Recruitment processes 

Recruitment processes sift through differences and select the best person for the role – whatever that role might be. The focus of the Human Resources (HR) function is to support that decision-making process – supplying help to find what attributes the ideal candidate should have, and tools and techniques to help to show whether those attributes are present in the candidate(s).

In most organisations, HR also has a duty to ensure that managers are not making poor decisions because of poor judgement (for example through ageism, sexism, racism, etc.).  To do this, Human Resource professionals will try to direct decisions affecting employees towards objective factors such as:

  1. Competence: knowledge; skills and abilities; experience; qualifications and training. 
  2. Other factors: behavioural requirements and the specific features of the role. 

Most requirements should be identifiable from the job description, internal processes, or other documentation, but it is not unusual for HR professionals to understand the context and organisation’s goals, and to allow those to alter requirements.

Good recruitment processes sift out candidates that do not meet essential criteria and use techniques such as testing and interviewing to select the most suitable candidate.  When organisations are looking for a simple replacement, this process can be straightforward.  When the organisation is changing, or looking to change, the situation can be quite different. 

Hiring for change 

It is in changing organisations that the idea of ‘hire for attitude, train for skills’ has become popular.  The logic is straightforward.  If you want to bring more ‘service’ into your organisation or industry, hire someone from the ‘service’ industry.  The simple premise is that hiring people from the same industry perpetuates traditional ways of working.

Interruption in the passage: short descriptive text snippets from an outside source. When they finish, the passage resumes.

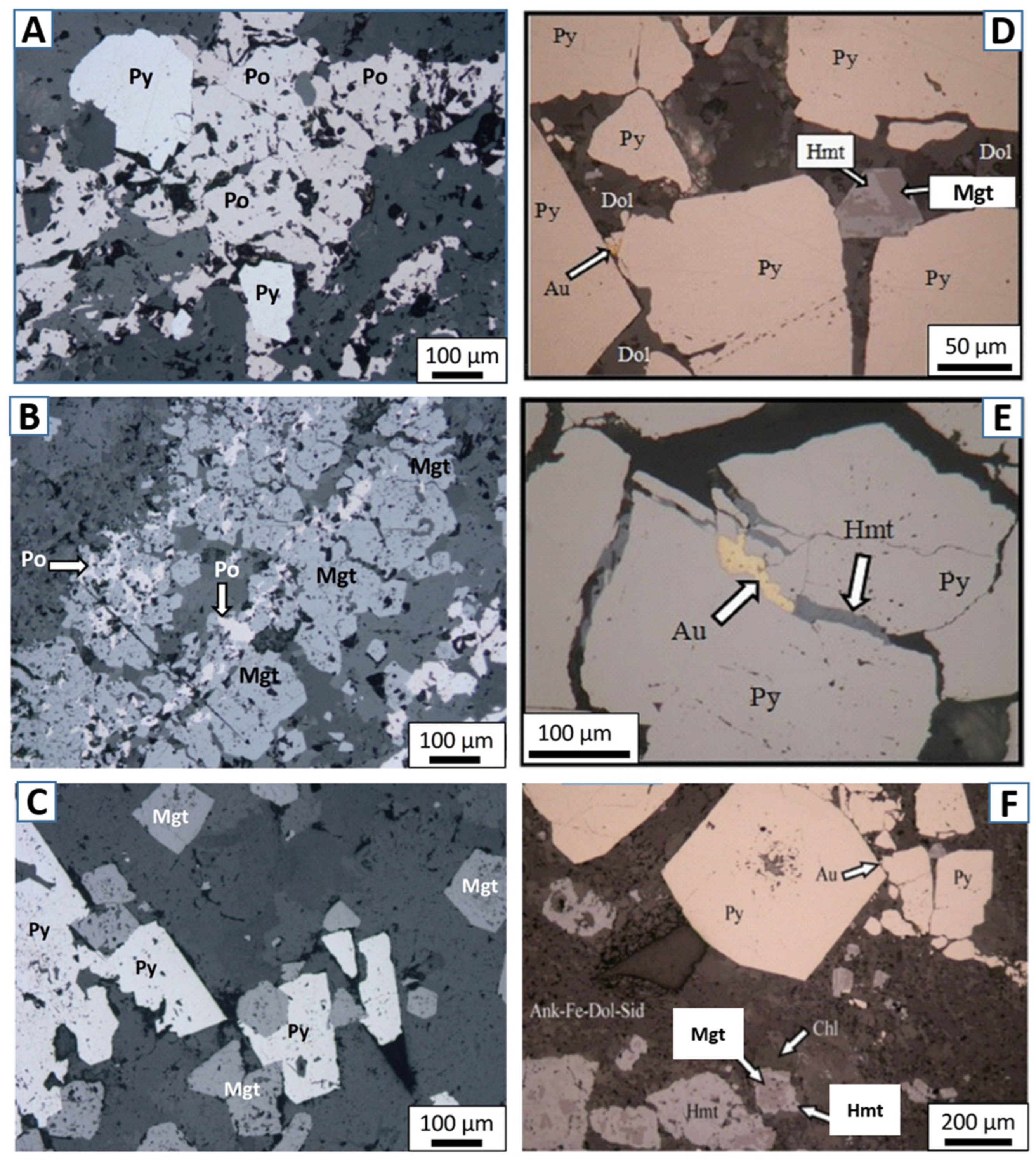 Minerals 14 01171 g005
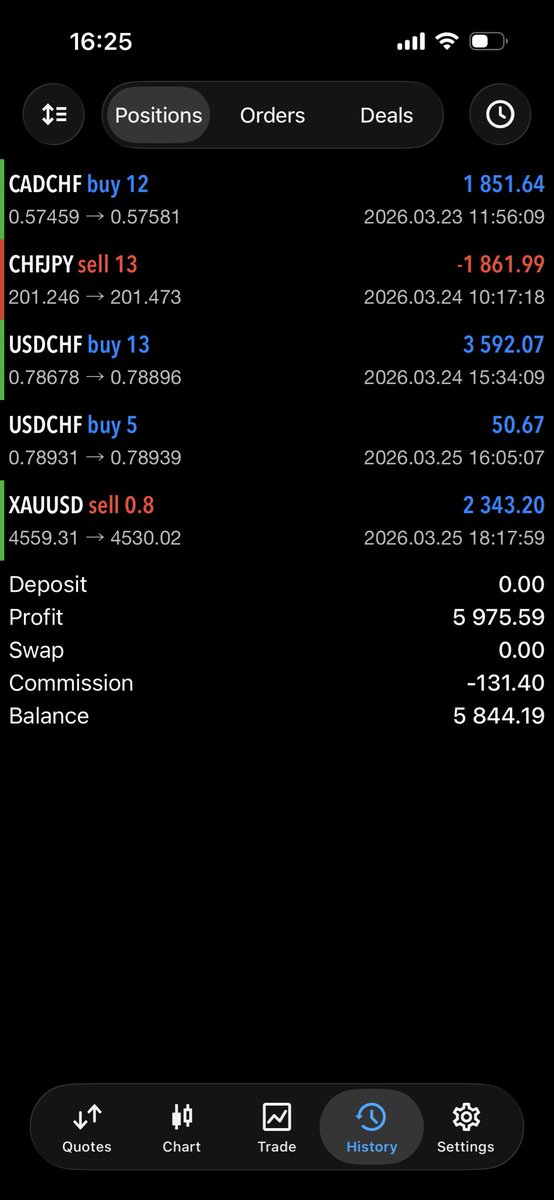 iam_Jay77 tweet media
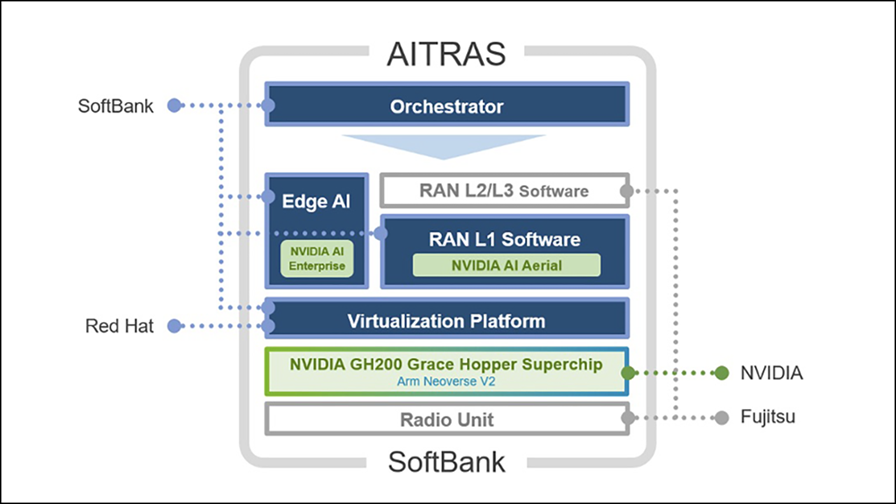 SoftBank and Nvidia tie revenue model to new AI-RAN solution : US Pioneer Global VC DIFCHQ SFO India Singapore – Riyadh Swiss Our Mind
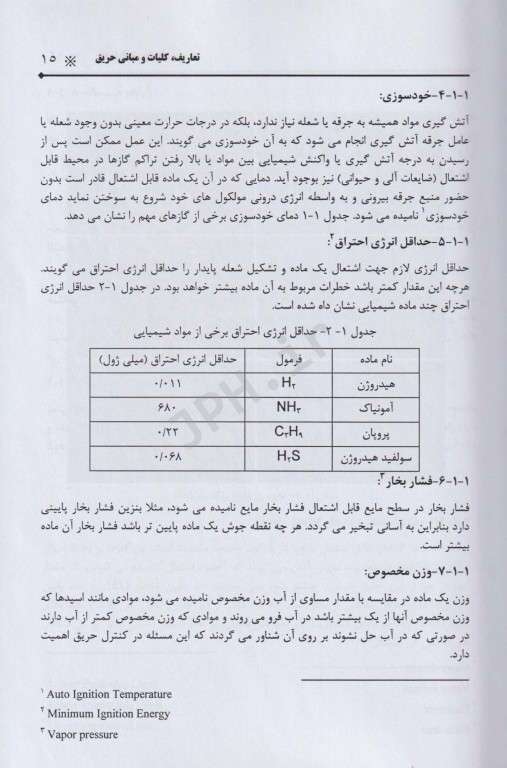 اصول ایمنی حریق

In a world where disruption is such a force for competitive advantage, there are real benefits in hiring workers with different industry experience, or with different skills and abilities.  Many traditionally product-based sectors have looked to introduce service – for example by offering inspection and maintenance services – as a means of differentiating their product offering.

Adopting these strategies means that it is becoming more common for organisations to seek candidates with knowledge, skills and experiences that are significantly different to the traditional competencies that they might have looked for in the same role previously.  This introduces new risks into a recruitment process that is already fallible.  How do organisations know what they are looking for is right?  How do they test or measure that?  How do they differentiate between different results to select the right candidate?

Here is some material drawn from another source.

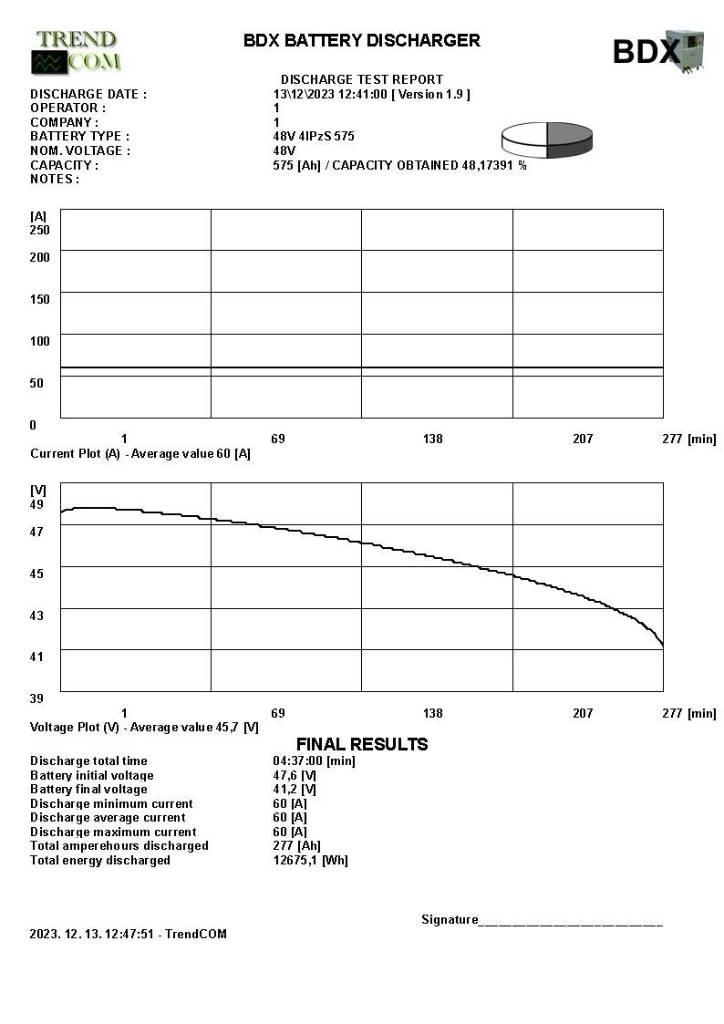 Toyota 7 FBEF 15 Elektrikli forkliftler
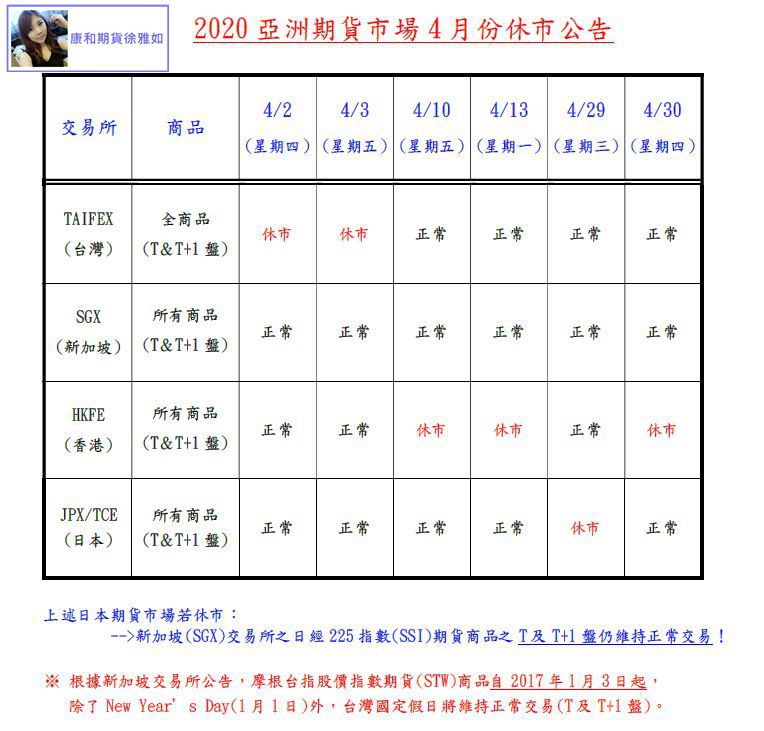 2020亞洲期貨市場4月份休市公告@台中康和期貨徐雅如RuRu期貨選擇權海期手續費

The authors of the 'hire for attitude' article stressed the need to train for skills. Few organisations are skilful at addressing gaps found in the recruitment process in anything other than core job activities or formal procedures. When hiring a sales professional, employers might go to great lengths to explain their product portfolio and their customer lists but are less likely to explain product attributes. 

Recruitment risks

There are risks associated with hiring workers without the required knowledge, skills, and experience, for example:

  • A lack of knowledge of product standards can create a significant supply chain risk if buyers rely on manufacturers to know, apply and defend product standards. 
  • Skills like account management, work planning, negotiation and team management can be hard to teach and take time to embed. 
  • Organisations are not good at capturing collective experience, so when an employee leaves, they take their experience with them. Experience from another industry is not always a good substitute. 

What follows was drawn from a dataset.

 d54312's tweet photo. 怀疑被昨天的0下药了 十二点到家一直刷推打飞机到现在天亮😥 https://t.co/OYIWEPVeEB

Attitudes, behaviours, and other factors play an equally significant role.  Where there is a deliberate attempt to hire someone from another industry, those willing to make the move are more likely to have a willingness (even a desire) to take risks.  The act of leaving one industry for another is a risk itself. 

Recruitment controls 

Leaders deploying a strategy of change need to ensure that new employees have a clear understanding of their expectations, the limits of their authority, and the necessary knowledge, skills, and awareness of industry experience to make effective decisions.  Where we have seen this work well, companies have been able to exploit competitive advantage. 

Organisations hiring workers need to understand the risks inherent in their organisation and adopt a recruitment strategy and process that offers the best balance of risk and control.  The greater the risk, the more effective the controls need to be in the recruitment process, through induction, and beyond.

New employees need to quickly learn the risk threshold of the organisation they are joining and be able to differentiate between acceptable and unacceptable risk.  These are the attitudes and future skills that workers need more than any other.